# What the task asks
Would you return the data below exactly as it stands, with every picture left out?

[Caption-style text data]
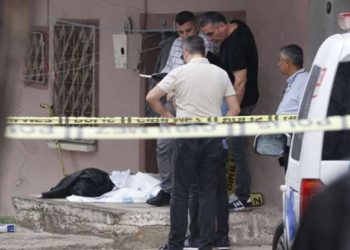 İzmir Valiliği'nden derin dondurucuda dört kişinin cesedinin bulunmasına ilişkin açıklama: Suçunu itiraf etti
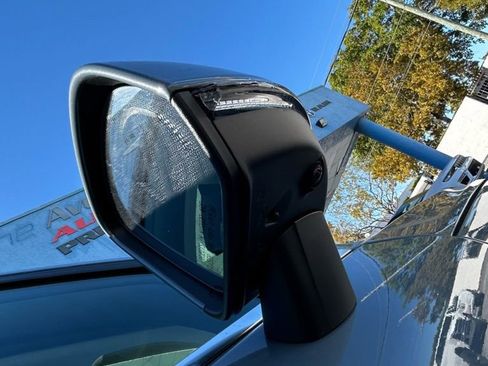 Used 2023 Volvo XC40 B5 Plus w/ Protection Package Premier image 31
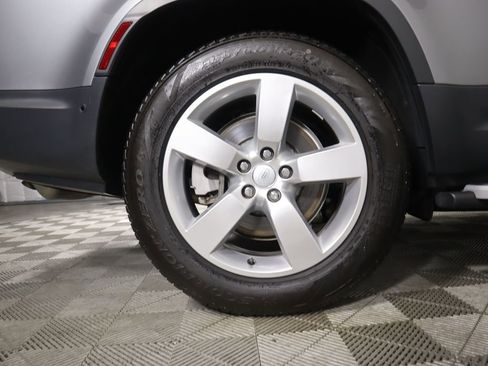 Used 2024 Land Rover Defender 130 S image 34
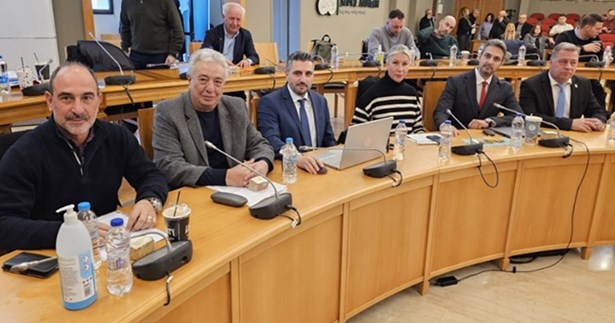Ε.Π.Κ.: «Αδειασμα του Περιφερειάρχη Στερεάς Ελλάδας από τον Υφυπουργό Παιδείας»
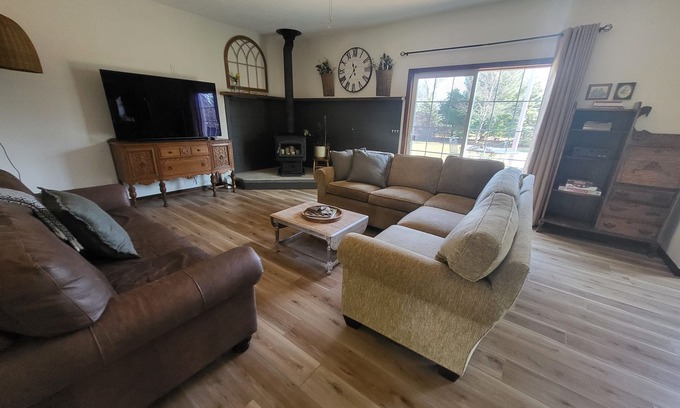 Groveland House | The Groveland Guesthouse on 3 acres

# Output of the task
 İzmir Valiliği'nden derin dondurucuda dört kişinin cesedinin bulunmasına ilişkin açıklama: Suçunu itiraf etti
 Used 2023 Volvo XC40 B5 Plus w/ Protection Package Premier image 31
 Used 2024 Land Rover Defender 130 S image 34
Ε.Π.Κ.: «Αδειασμα του Περιφερειάρχη Στερεάς Ελλάδας από τον Υφυπουργό Παιδείας»
 Groveland House | The Groveland Guesthouse on 3 acres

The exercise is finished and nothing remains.